"Yalan Olduğunu Zannettiği Bir Hadisi Benden Nakleden Kimse Yalancılardan Biridir" Hadisi

"Yalan olduğunu zannettiği bir hadisi benden nakleden kimse yalancılardan biridir" hadisinde anlatılmak istenen nedir?

Semüre radıyallahu anh'den rivayet edildiğine göre Resûlullah sallallahu aleyhi ve sellem şöyle buyurdu:

"Yalan olduğunu zannettiği bir hadisi benden nakleden kimse yalancılardan biridir." (Müslim, Mukaddime, rakamsız (I,9); Ayrıca bk. Tirmizî, ilim 9)

Hadisin Açıklaması

Her iki hadis de aslında hadis rivayet ederken  araştırma ve kesin kanaat edinmenin (taharri ve tesebbüt) gereğini bildirmektedir. İmam Nevevî merhum, delil olarak kullanıldıkları bu özel alana değil, anlamlarının genelliğine bakarak bu iki hadisi, anlatılacak veya hikâye edilecek sözlerin doğruluğunu tesbite teşvik konusunda zikretmiştir.

Birinci hadis, duyduğu her sözü herhangi bir araştırma yapmadan nakleden insanın bu yaptığının yalan söylemek anlamına geldiğini çok kesin bir şekilde ortaya koymaktadır. Bu sebeple insanı, duyduklarını nakletmeden önce, onların doğru olup olmadığını iyice araştırmaya teşvik etmektedir. Zira yalan söylememiş olmanın yolu, duyulanları iyice tahkik etmekten geçer.
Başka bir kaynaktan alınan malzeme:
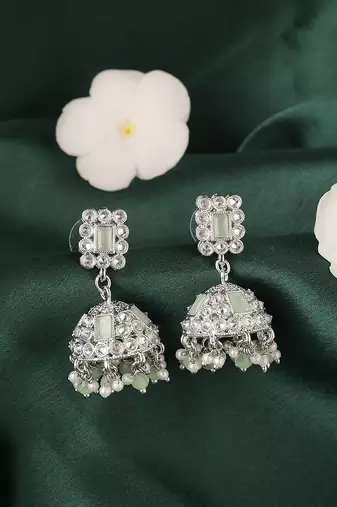 Creative square shape silver plated light green kundan stone jhumki earring for women and girls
"Ben duyduğumu söylüyorum" savunması sorumluluktan kurtulmak için yetmez. Herkes her duyduğunu nakledecek olursa, ortalık yalan dolandan geçilmez hale gelir.

Duyulan her haberin veya sözün araştırılması "yalancı durumuna düşmemek için" gerekli olunca, özellikle Hz. Peygamber sallallahu aleyhi ve sellem'den nakledilen hadisler konusunda mutlaka çok ince araştırmalar yapmak gerekecektir.
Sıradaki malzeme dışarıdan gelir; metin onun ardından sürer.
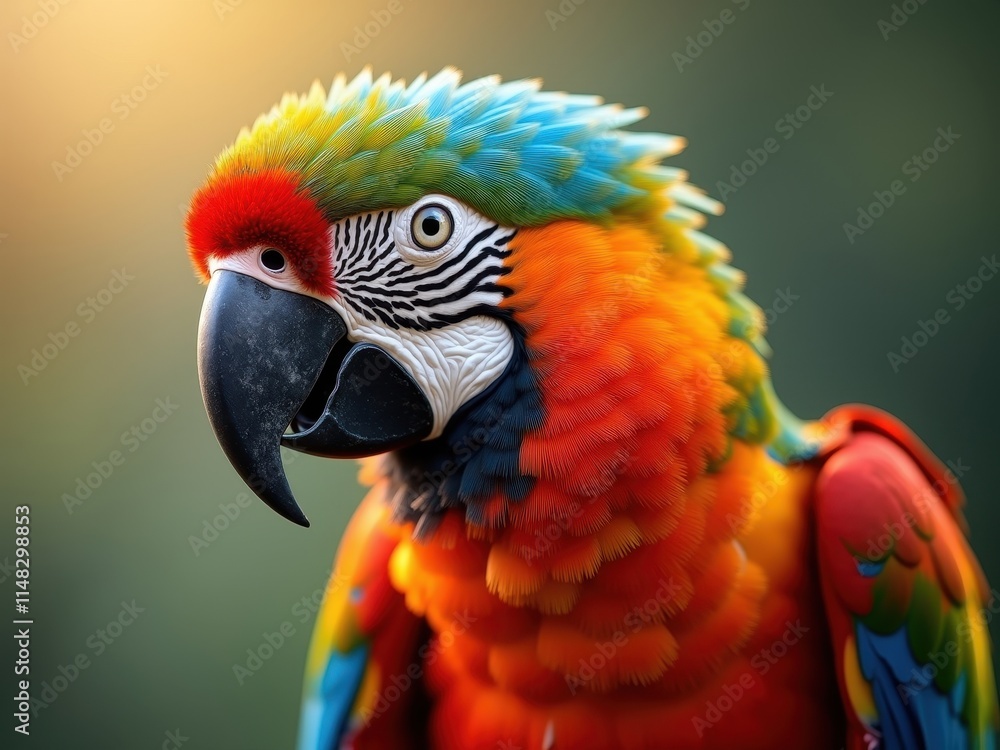Colorful parrot displaying vibrant plumage in a warm, natural setting during golden hour Colorful parrot displaying vibrant plumage in a warm, natural setting during golden hour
Hadisin bu noktadaki çağrısını ve tehdidini farketmiş olan meşhur hadisçi Beğavî, onu Mesâbihü's-sünne adlı eserinde (I,155), i'tisam bölümünde zikretmiştir. Böylece o, Hz. Peygamber sallallahu aleyhi ve sellem'den nakledilen hadislerin ince bir tetkikten geçirilmesi, bizzat Hz. Peygamber sallallahu aleyhi ve sellem'e ve sünnete bağlılığın gereği olduğunu göstermek istemiştir.

2 YALANCIDAN BİRİ

İkinci hadiste Efendimiz sallallahu aleyhi ve sellem, yalan olduğunu zannettiği bir sözü, tetkik etmeden kendisinden nakleden kimsenin, yalancılardan olduğunu bildirmektedir. Hadisin bazı rivayetlerinde "iki yalancıdan biri olur" buyurulmaktadır. Yalancılardan biri o sözü uyduran kişi, ötekisi de şüphelenmesine rağmen hiç bir araştırma yapmadan o sözü öylece nakleden kimsedir.
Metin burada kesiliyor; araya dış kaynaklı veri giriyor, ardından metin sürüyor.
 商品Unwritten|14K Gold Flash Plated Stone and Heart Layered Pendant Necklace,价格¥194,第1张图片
Bile bile Hz. Peygamber sallallahu aleyhi ve sellem adına yalan söyleyen kişinin, cehennemdeki yerlerine hazırlanması gerektiği yine Peygamberimiz sallallahu aleyhi ve sellem tarafından bildirilmiştir. Burada ise yalan olmasından şüphelendiği sözü araştırmadan Peygamber namına nakleden kişinin, rivayet farklılığına göre, ya "iki yalancıdan biri" ya da "yalancılardan biri" olduğu açıklanmaktadır.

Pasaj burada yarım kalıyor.